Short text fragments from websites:
┌──

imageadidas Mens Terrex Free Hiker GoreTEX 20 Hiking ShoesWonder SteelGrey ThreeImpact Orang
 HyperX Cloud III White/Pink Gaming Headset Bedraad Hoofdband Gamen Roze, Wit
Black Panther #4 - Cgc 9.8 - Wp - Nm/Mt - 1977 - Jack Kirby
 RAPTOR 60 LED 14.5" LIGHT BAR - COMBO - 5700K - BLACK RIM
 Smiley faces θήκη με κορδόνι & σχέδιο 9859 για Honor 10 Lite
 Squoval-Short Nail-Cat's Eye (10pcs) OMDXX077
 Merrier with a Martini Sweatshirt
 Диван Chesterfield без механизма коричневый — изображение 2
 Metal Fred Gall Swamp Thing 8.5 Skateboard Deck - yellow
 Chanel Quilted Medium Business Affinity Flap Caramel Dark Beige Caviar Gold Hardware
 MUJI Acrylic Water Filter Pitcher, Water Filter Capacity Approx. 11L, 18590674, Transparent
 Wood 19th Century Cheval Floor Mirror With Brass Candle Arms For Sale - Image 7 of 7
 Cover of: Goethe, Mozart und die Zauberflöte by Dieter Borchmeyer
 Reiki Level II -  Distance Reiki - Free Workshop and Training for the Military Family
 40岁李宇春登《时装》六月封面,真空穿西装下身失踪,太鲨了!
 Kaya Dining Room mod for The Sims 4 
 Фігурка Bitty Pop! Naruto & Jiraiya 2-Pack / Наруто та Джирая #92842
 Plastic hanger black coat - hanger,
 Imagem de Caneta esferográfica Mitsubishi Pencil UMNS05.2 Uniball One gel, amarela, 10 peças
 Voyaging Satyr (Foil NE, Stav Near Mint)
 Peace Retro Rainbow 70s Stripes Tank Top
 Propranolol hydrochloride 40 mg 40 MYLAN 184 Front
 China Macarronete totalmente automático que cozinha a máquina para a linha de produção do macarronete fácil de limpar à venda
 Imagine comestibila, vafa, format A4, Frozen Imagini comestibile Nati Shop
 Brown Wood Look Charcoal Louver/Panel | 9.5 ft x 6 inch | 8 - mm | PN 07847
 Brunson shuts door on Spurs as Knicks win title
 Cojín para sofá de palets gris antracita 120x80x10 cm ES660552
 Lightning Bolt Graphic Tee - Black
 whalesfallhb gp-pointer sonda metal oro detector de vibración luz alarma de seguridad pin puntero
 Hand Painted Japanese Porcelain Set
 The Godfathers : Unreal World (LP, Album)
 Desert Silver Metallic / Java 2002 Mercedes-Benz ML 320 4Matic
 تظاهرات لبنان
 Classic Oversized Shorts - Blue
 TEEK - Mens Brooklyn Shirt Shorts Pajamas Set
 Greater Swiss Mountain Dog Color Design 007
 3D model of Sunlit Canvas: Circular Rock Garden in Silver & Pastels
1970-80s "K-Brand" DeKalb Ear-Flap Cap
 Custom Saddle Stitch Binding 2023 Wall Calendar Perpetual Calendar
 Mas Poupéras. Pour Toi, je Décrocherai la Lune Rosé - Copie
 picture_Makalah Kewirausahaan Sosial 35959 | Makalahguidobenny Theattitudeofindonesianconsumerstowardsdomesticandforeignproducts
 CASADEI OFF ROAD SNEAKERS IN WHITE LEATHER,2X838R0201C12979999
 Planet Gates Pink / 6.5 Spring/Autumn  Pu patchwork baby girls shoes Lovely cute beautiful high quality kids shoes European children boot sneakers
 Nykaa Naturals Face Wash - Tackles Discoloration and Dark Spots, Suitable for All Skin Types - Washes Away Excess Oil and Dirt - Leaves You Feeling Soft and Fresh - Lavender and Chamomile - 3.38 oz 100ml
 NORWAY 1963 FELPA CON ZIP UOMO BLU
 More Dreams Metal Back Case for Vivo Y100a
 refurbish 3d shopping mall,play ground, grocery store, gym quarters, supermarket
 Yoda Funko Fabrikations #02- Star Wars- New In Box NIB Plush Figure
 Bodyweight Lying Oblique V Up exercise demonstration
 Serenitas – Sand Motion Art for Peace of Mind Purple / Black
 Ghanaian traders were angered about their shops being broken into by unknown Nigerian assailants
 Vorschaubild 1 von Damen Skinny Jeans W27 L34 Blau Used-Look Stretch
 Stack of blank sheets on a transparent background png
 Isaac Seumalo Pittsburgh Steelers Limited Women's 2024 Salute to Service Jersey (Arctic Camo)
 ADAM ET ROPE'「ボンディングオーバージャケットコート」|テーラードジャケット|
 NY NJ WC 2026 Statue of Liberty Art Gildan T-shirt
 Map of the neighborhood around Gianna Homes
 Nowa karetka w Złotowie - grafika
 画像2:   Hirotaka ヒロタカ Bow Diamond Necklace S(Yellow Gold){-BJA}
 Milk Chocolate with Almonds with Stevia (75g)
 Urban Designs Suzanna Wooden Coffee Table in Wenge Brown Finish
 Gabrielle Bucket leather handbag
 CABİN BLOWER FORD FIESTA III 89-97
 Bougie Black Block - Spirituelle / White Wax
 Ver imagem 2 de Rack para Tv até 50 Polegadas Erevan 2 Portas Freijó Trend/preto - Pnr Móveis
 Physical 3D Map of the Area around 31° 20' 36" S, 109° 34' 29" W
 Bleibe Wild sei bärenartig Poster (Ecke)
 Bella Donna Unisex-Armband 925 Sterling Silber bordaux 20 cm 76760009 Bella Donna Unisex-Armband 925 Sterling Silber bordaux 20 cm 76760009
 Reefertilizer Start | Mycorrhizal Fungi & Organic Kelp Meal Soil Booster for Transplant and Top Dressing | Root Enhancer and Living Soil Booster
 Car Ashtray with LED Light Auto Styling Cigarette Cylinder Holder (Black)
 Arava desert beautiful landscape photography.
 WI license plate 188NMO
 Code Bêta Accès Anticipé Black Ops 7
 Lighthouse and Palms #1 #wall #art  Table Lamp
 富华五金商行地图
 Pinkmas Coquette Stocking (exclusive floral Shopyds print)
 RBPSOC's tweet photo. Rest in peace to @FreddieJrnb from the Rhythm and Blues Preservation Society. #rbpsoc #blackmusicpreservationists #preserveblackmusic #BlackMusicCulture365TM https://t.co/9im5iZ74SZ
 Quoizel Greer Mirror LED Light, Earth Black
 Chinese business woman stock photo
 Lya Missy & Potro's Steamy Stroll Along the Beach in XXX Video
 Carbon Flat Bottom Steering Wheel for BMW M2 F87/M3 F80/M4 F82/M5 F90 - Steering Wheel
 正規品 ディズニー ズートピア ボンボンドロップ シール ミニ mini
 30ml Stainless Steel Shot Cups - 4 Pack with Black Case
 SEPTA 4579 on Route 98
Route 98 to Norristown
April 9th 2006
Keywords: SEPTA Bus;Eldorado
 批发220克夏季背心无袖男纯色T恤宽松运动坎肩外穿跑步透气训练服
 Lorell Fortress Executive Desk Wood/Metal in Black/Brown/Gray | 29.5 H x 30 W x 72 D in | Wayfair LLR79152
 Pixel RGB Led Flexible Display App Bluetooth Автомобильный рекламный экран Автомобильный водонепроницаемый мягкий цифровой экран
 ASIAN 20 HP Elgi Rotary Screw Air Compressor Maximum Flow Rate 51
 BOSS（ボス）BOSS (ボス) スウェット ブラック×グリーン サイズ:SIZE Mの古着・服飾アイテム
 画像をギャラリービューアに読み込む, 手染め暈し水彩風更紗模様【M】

└──

▸ REQUIREMENT
Could you give the number of lines in the data above that contain the string "Look", with no other words?

▸ EXPECTED ANSWER
2